» **PROBLEM DESCRIPTION**
Only the images are to be dropped; the records themselves must be repeated exactly.

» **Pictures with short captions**
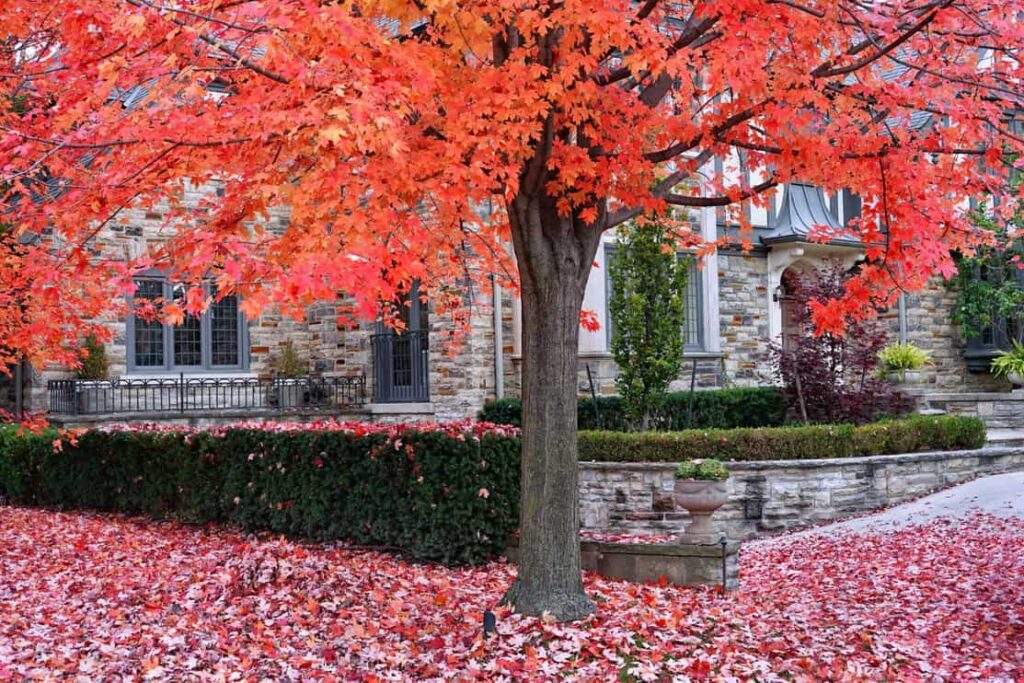 Sugar maple tree in brilliant shades of red, yellow and orange in fall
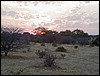 tanzania parco tarangire 185.jpg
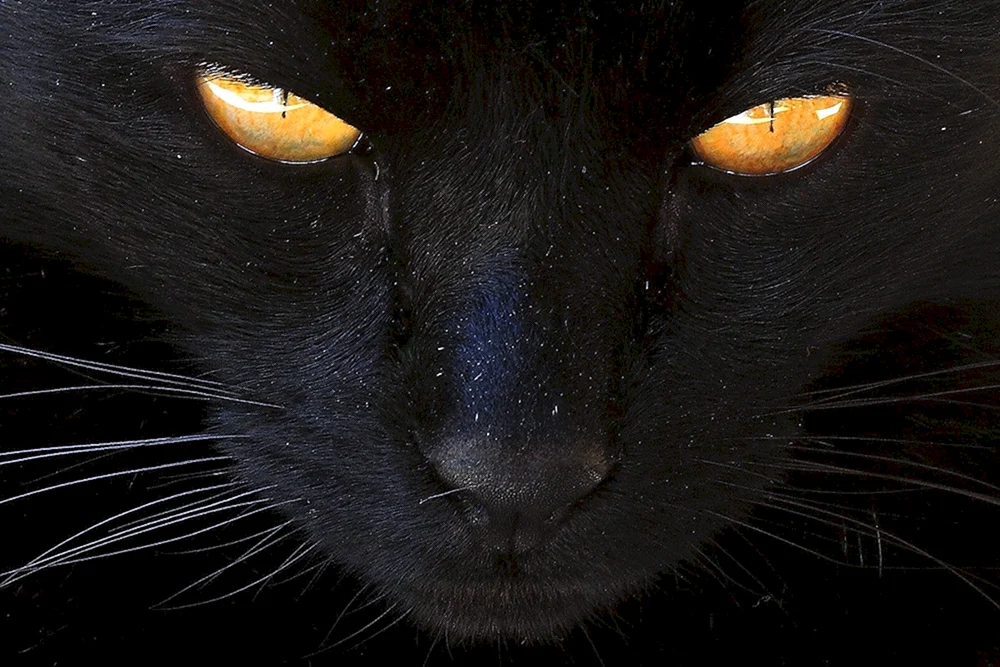 Bombay Katze langhaarig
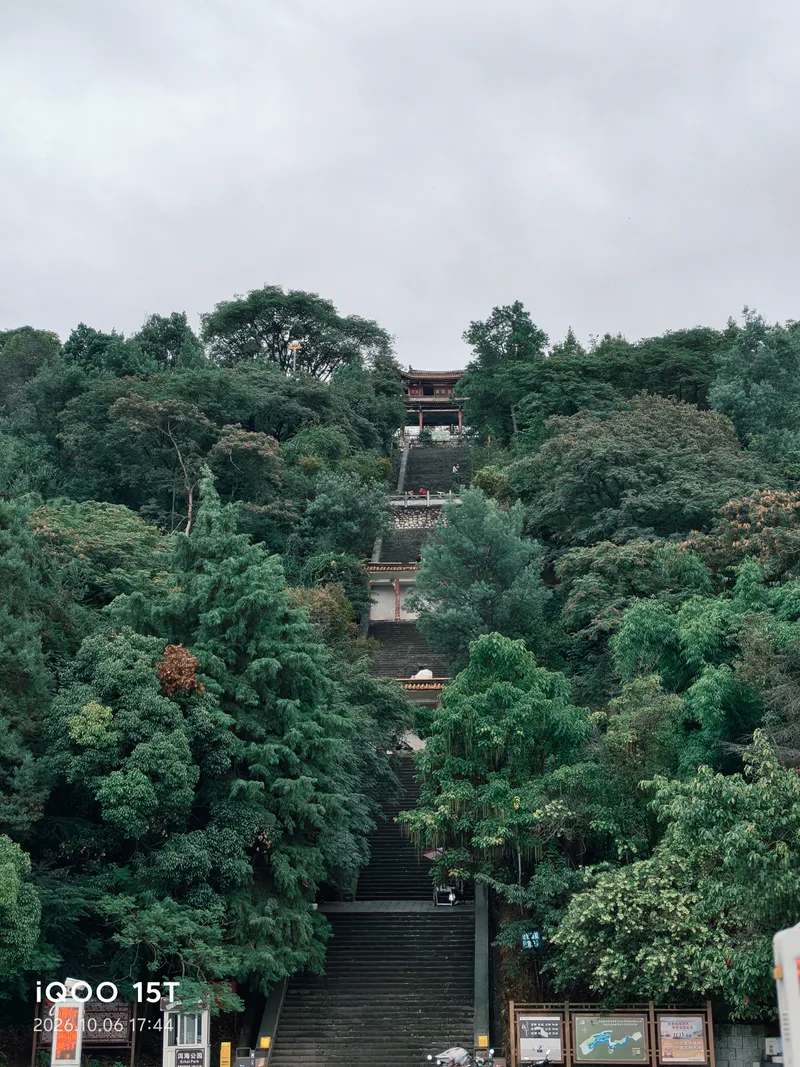 林深见阶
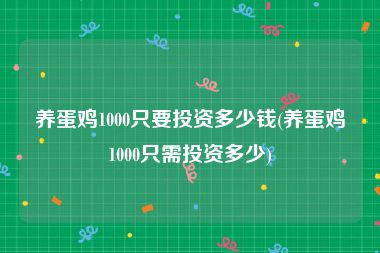 养蛋鸡1000只要投资多少钱(养蛋鸡1000只需投资多少)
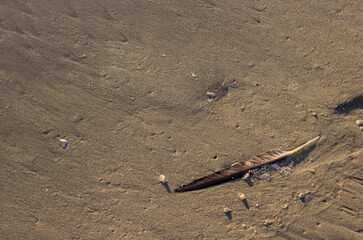pluma de gaviota en la orilla de la playa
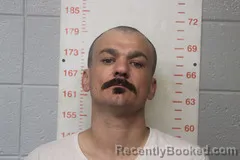 Mugshot of Colton Nelson booked in Polk County, Missouri on August 11, 2026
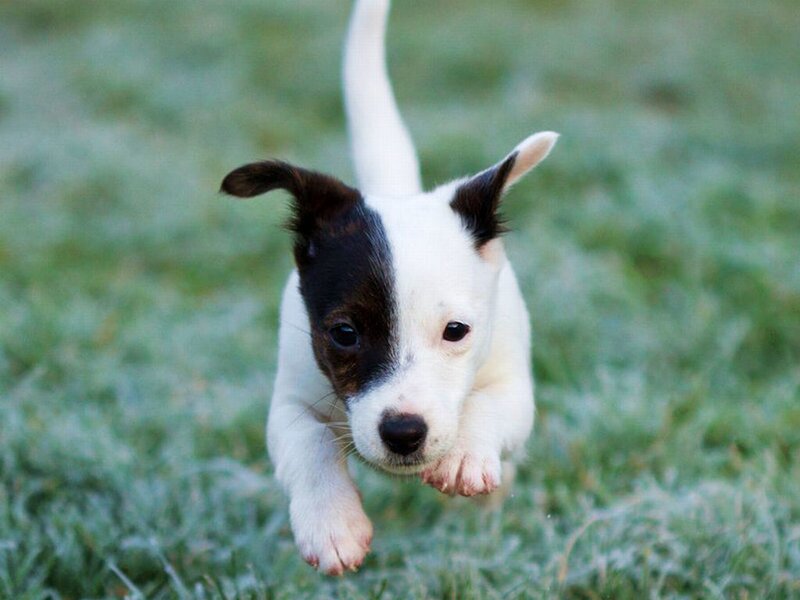 Black-and-white Puppy — White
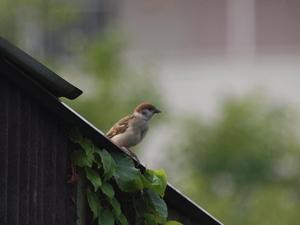 bg_P7054033.jpg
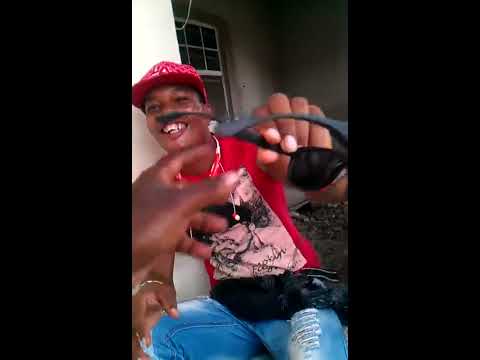 Preview-Perma fros new tune "technology"...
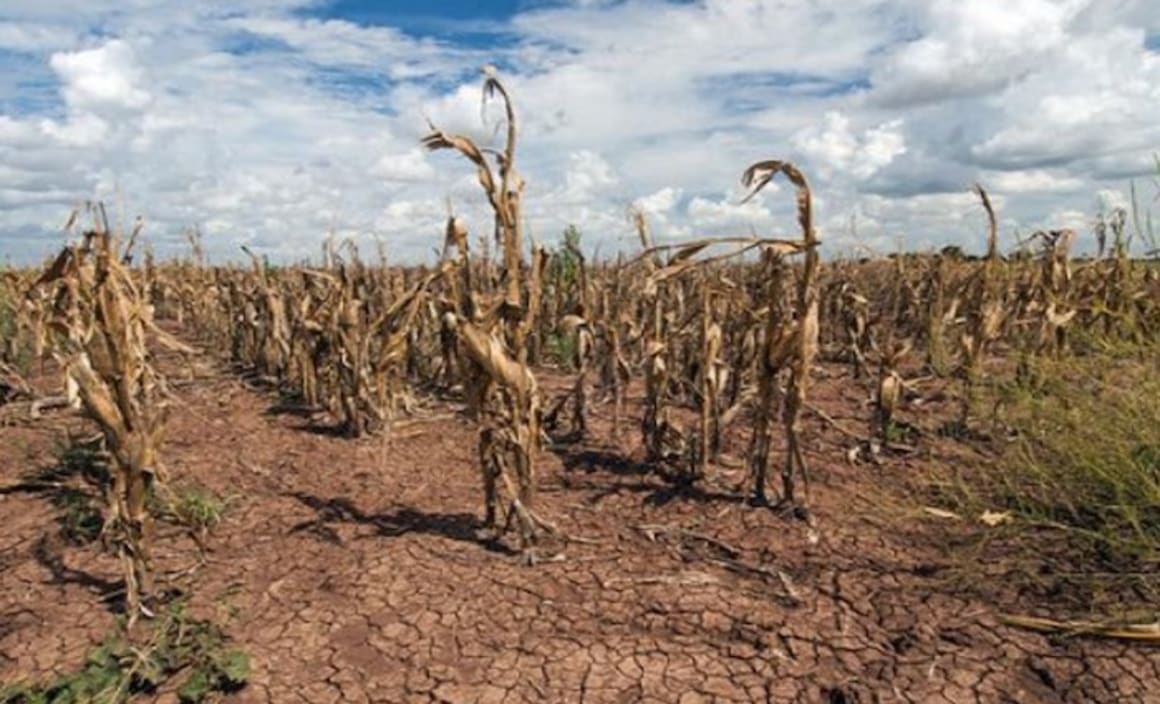 How climate change could affect the economy and monetary policy: RBA's Guy Debelle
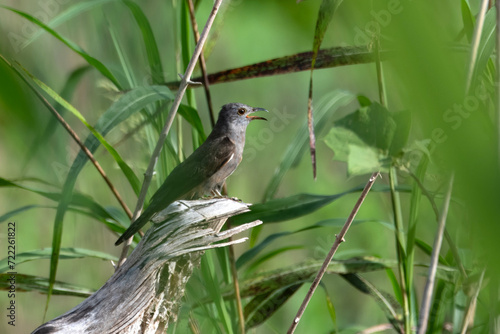Brush Cuckoo or Cacomantis variolosus seen in Nimbokrang in West Papua,Indonesia photo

» **ANSWER TO THIS PROBLEM**
 Sugar maple tree in brilliant shades of red, yellow and orange in fall
 tanzania parco tarangire 185.jpg
 Bombay Katze langhaarig
 林深见阶
 养蛋鸡1000只要投资多少钱(养蛋鸡1000只需投资多少)
pluma de gaviota en la orilla de la playa
 Mugshot of Colton Nelson booked in Polk County, Missouri on August 11, 2026
 Black-and-white Puppy — White
 bg_P7054033.jpg
 Preview-Perma fros new tune "technology"...
 How climate change could affect the economy and monetary policy: RBA's Guy Debelle
Brush Cuckoo or Cacomantis variolosus seen in Nimbokrang in West Papua,Indonesia photo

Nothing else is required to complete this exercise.